The thing about secrets is they have a tendency to come out when you least expect them. Faye, a single mother to teenager Amber, dresses conservatively, holds down a respectable job in a recruitment office but she's hiding a secret about Amber's father. Amber is studying for her final exams and everyone is expecting her to go to art college. But she has other plans in mind. Maggie discovers her boyfriend has been cheating so she moves in to look after her injured mother and learns how to make a stand. Even Christie, the friend they turn to for advice, is hiding a secret - an affair with an artist.
Three women thought they had their lives mapped out. Ambitious Mel wanted a high-flying career; Daisy wanted to start a family while Cleo planned to run her family's hotel after she completed a management course. But now Mel has had to give up her job in PR to look after her young daughters, Cleo is fighting a losing battle to save the ailing business, while Daisy is still desperately trying to have a baby.
Abby has stumbled into a career as a television presenter, a role she is not entirely comfortable with. Between the pressures at work, her rocky marriage, and the fact that she can do no right in the eyes of her teenage daughter, Abby feels her life is spinning out of control. Lizzie is a selfless medical receptionist who will do anything to keep the peace and make others happy. However, when her ex-husband reveals he is in a new relationship and her daughter's outrageous demands begin to wear her down, Lizzie realises it is time she put herself first. Erin, who fled to the United States years ago in an attempt to escape her past, has moved back to Ireland due to her husband's job. Will she make amends with her estranged family and let go of the sadness she has felt since she learned the secret they had been keeping from her? Sally is beloved in her community and cherishes her tight-knit family. She is a gifted listener, and the town's women flock to her salon, not only for beauty treatments, but for her advice. When one of these characters receives tragic news, they are all reminded just how precious life is. As the women bond over their loss, they give each other the courage to face their own fears.
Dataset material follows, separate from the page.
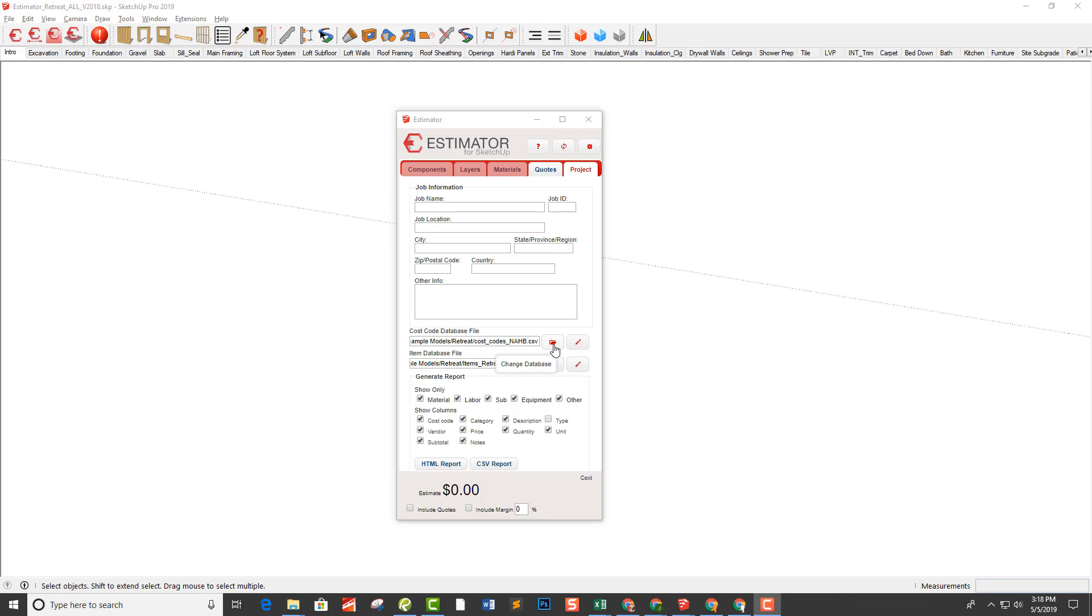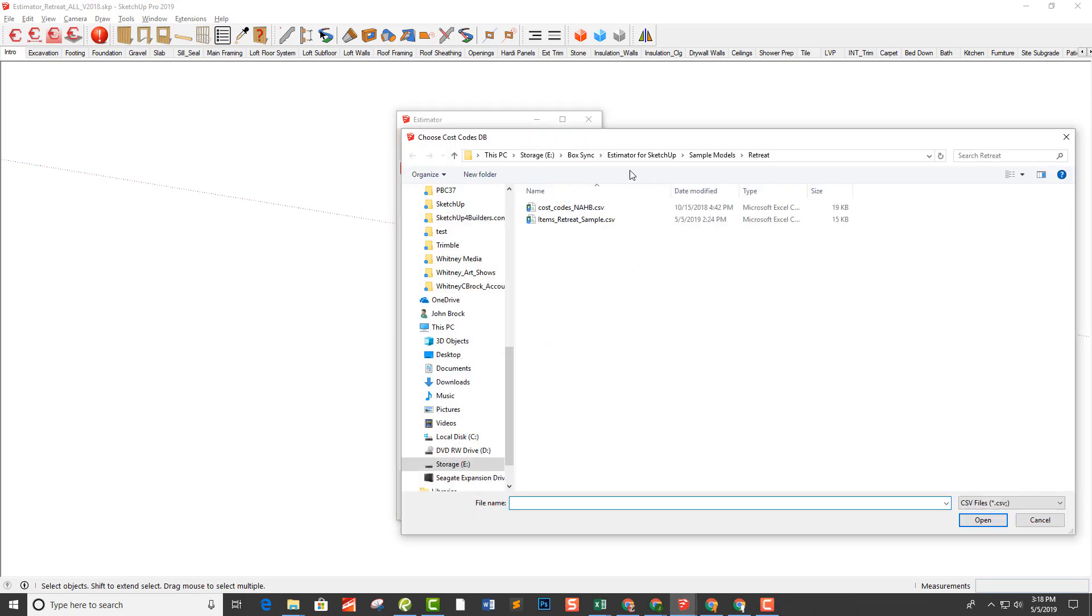You would want to click on this change database button and you're going to want to hunt down that file that you created. In this case, it's in a folder for the retreat project that we're going to be doing, and that's where it's stored.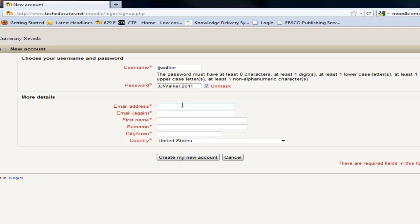So I'm going to choose my interact. And of course you've got to type it again to make sure you type it right.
The sheer number of secondary characters in this book is a little overwhelming, but Best of Friends is an emotional tale that deals with some very complex matters in a beautiful way. (LB)
The Miller family appear to have it all. Parents Rose and Hugh are celebrating 40 years of marriage with their three beautiful daughters. As the celebration of the wedding anniversary nears, cracks appear, not only in their relationship but in the lives of their children - Stella, lawyer and single mother; Tara, a TV executive married to Finn; and the youngest Holly who endures a struggle for confidence and self-worth. It's a warm and tender story where we feel the triumphs of the characters and their tribulations deeply. It is these features that cause us to fall in love with all of the main characters. It is somewhat predictable however, as Cathy Kelly leaves obvious clues as to the inner struggle of each of the characters. But still, a delightful and fun read full of Irish warmth. (LF)
Best friends Aisling Moran and Jo Ryan think they have it all. Then Aisling discovers a lingerie receipt in her husband's pocket and Jo watches a blue line appear on a pregnancy test.